5. Don’t be afraid to change strategies
4 year olds are extremely active and enthusiastic about things they like. Unfortunately, they are often even more vocal about things that they don’t. As a coach your job is to ensure that practice centers around your team’s likes. The challenge is that you never know what activities are liked or disliked because the cateogization can change by the week, hour or even the minute! You need to watch your players and know when it is time to change the strategy based off of their level of enthusiasm and engagement. The problem is similar when speaking in front of audiences. You will have specific content to cover, but as you progress you must gauge your audience’s involvement. Simple things like looking at cellphones, reading documents or even sleeping are signs that you need to change your strategy! If this occurs you need to be flexible and willing to modify your presentation and/or delivery to recapture the audience’s attention and interest.

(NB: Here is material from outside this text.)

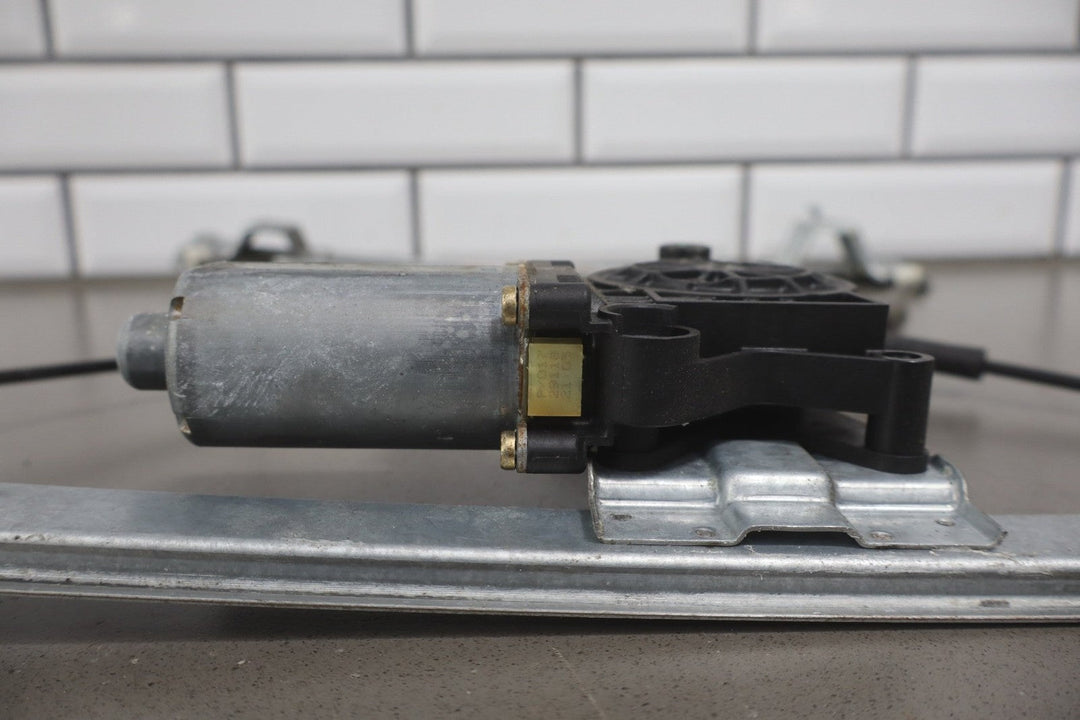 2003 - 2009 Hummer H2 Left Front Door Regulator 10390764 OEM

6. When all else fails call a water break
Sometimes things can just go downhill during practice. I never know why, but if you ask any Pre-K coach they will concur. Typical symptoms include tears, distracted players and sometimes team wide rebellion. When faced with toddler mutiny, there is one sure solution. I call it the “nuclear option” otherwise known as the water break. Obviously, your ability to call the break is limited, but it always provides a respite as the kids run off briefly to see their parents and drink water. It also provides an opportunity for you as the coach to assess where you went wrong and to strategize how to engage the team when practice resumes. The brief break also helps the team re-focus and often the practice improves significantly afterwards.

I hope that you never get to the “water break” stage in presenting, but it can happen. If you are significantly frazzled and struggling to get on track, you may want to consider this option. You have two potential strategies. The first is a simple pause to drink some water and regain your focus. The second and more extreme one is to call a brief break in the presentation. This is most applicable to long presentations that already include a break and thus you have the opportunity to call it earlier, if needed. However, be warned that if you choose the second strategy and things are really bad, you run the risk that your audience will not return! (However, if your presentation is really that bad then you may be doing everyone a favor.)

These six tips will provide immediate benefits to both coaches and speakers. I encourage you to consider each of these and think about how you could these points to improve your prowess in both activities.